Seven studies (297 infants) were eligible for inclusion. The maximum delay in cord clamping was 120 seconds. Delayed cord clamping was associated with a higher hematocrit four hours after birth (four trials, 134 infants; weighted mean difference 5.31, 95% confidence interval (CI) 3.42 to 7.19), fewer transfusions for anaemia (three trials, 111 infants; relative risk (RR) 2.01, 95% CI 1.24 to 3.27) or low blood pressure (two trials, 58 infants; RR 2.58, 95% CI 1.17 to 5.67) and less intraventricular haemorrhage (five trials, 225 infants; RR 1.74, 95% CI 1.08 to 2.81) than early clamping.
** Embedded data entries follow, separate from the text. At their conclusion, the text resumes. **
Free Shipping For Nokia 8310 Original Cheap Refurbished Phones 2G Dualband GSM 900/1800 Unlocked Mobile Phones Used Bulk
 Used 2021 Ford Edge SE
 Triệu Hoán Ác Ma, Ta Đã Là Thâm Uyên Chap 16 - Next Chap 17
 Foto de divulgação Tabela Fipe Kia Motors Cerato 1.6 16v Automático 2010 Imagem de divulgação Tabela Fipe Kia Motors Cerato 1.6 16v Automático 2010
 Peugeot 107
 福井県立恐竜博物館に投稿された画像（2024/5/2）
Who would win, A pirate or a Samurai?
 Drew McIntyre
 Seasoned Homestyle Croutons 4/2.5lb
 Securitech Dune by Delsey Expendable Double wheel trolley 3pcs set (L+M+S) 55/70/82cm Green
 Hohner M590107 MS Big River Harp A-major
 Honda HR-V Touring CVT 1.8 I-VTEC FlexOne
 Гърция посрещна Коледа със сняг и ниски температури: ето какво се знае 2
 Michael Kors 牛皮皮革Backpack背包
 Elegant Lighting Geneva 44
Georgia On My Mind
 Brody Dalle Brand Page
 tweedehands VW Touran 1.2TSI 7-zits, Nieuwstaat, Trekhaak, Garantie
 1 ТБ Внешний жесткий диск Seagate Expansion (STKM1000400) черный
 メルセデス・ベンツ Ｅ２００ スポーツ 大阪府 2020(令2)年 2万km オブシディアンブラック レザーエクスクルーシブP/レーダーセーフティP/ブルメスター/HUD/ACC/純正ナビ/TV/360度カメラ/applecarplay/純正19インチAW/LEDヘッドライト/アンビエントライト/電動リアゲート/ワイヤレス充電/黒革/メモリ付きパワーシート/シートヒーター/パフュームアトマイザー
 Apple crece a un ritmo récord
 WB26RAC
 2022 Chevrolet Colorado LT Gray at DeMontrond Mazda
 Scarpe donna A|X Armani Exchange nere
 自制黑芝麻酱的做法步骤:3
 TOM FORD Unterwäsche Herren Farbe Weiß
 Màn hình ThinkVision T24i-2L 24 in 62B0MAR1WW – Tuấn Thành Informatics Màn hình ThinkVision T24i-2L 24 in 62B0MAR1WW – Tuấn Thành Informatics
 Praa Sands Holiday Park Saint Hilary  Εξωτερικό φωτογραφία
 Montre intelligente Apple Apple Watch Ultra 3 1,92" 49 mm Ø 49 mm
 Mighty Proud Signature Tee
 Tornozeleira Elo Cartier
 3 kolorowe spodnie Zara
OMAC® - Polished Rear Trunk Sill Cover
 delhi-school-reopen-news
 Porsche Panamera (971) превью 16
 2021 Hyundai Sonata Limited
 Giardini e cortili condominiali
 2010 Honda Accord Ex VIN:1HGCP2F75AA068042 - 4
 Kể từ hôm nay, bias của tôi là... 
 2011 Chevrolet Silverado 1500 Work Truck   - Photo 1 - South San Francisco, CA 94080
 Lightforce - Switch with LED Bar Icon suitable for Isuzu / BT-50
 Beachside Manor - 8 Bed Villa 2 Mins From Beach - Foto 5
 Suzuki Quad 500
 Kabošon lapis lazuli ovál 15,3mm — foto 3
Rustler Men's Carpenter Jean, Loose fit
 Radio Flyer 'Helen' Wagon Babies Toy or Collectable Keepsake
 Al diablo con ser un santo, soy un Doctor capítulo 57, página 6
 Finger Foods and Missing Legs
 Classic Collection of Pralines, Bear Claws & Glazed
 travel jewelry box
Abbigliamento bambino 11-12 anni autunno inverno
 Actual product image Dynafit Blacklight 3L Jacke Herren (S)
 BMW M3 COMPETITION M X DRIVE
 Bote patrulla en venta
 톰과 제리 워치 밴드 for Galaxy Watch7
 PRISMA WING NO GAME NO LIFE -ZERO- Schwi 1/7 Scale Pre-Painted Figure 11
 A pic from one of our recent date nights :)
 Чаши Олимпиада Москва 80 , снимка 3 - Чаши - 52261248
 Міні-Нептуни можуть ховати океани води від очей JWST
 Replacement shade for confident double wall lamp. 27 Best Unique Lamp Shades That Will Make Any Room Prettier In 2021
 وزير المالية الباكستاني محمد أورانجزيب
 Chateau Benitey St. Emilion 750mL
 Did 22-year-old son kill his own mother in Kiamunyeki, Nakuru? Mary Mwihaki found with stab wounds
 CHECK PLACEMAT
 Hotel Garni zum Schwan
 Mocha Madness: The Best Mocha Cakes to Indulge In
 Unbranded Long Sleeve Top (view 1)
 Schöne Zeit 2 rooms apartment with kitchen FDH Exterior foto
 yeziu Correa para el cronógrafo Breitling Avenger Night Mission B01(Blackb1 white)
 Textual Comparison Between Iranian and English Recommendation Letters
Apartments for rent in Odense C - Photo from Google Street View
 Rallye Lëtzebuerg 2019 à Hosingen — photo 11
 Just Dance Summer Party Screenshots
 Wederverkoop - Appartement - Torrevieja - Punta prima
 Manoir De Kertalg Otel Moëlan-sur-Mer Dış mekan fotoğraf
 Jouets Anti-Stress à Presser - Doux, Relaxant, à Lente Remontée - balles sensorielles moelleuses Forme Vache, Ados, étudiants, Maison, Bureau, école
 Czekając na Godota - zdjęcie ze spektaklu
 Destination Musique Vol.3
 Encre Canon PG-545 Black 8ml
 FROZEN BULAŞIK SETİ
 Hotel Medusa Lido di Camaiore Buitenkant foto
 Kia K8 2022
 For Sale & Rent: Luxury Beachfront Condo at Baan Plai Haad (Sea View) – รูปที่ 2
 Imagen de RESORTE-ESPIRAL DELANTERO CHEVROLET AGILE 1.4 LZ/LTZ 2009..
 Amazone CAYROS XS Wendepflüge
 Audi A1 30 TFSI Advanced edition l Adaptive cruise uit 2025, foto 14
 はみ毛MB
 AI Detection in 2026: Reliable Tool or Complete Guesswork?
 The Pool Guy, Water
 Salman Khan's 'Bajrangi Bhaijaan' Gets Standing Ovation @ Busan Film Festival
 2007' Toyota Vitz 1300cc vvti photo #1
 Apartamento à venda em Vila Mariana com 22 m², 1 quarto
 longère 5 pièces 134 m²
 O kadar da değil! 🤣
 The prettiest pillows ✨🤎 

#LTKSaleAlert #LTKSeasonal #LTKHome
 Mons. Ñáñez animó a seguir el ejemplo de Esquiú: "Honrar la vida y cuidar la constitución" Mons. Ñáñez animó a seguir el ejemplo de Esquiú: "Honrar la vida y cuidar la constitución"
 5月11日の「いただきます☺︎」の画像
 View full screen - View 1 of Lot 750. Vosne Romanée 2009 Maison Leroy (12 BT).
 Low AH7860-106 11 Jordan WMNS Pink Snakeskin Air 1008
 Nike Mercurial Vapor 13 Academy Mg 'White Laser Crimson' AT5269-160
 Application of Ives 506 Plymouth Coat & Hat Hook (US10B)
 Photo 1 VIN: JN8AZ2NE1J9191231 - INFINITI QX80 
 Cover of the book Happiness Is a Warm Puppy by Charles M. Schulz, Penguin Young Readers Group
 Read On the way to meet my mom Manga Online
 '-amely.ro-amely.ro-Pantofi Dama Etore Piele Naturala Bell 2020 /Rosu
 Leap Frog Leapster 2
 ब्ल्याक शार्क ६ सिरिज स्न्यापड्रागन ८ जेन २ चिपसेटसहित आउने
REVIEWERS' CONCLUSIONS: Delaying cord clamping by 30 to 120 seconds, rather than early clamping, seems to be associated with less need for transfusion and less intraventricular haemorrhage. There are no clear differences in other outcomes.
出生时脐带结扎的最佳时机尚不清楚。早期结扎有利于新生儿立即复苏。延迟结扎可能有助于胎盘与婴儿之间的输血。
比较出生时早期与延迟结扎脐带对妊娠不足37周出生的婴儿及其母亲的短期和长期影响。
我们检索了Cochrane妊娠与分娩组试验注册库(2004年2月2日)、Cochrane新生儿组试验注册库(2004年2月2日)、Cochrane对照试验中央注册库(Cochrane图书馆,2004年第1期)、PubMed(1966年至2004年2月2日)和EMBASE(1974年至2004年2月2日)。
比较妊娠不足37周出生的婴儿早期与延迟(30秒或更长时间)结扎脐带的随机对照试验。
三位评价员评估了纳入标准和试验质量。
七项研究(297名婴儿)符合纳入标准。脐带结扎的最大延迟时间为120秒。延迟结扎脐带与出生后四小时更高的血细胞比容相关(四项试验,134名婴儿;加权平均差5.31,95%置信区间(CI)3.42至7.19),因贫血输血较少(三项试验,111名婴儿;相对危险度(RR)2.01,95%CI 1.24至3.27)或低血压(两项试验,58名婴儿;RR 2.58,95%CI 1.17至5.67),与早期结扎相比,脑室内出血较少(五项试验,225名婴儿;RR 1.74,95%CI 1.08至2.81)。
脐带结扎延迟30至120秒,而非早期结扎,似乎与输血需求减少和脑室内出血减少有关。其他结局无明显差异。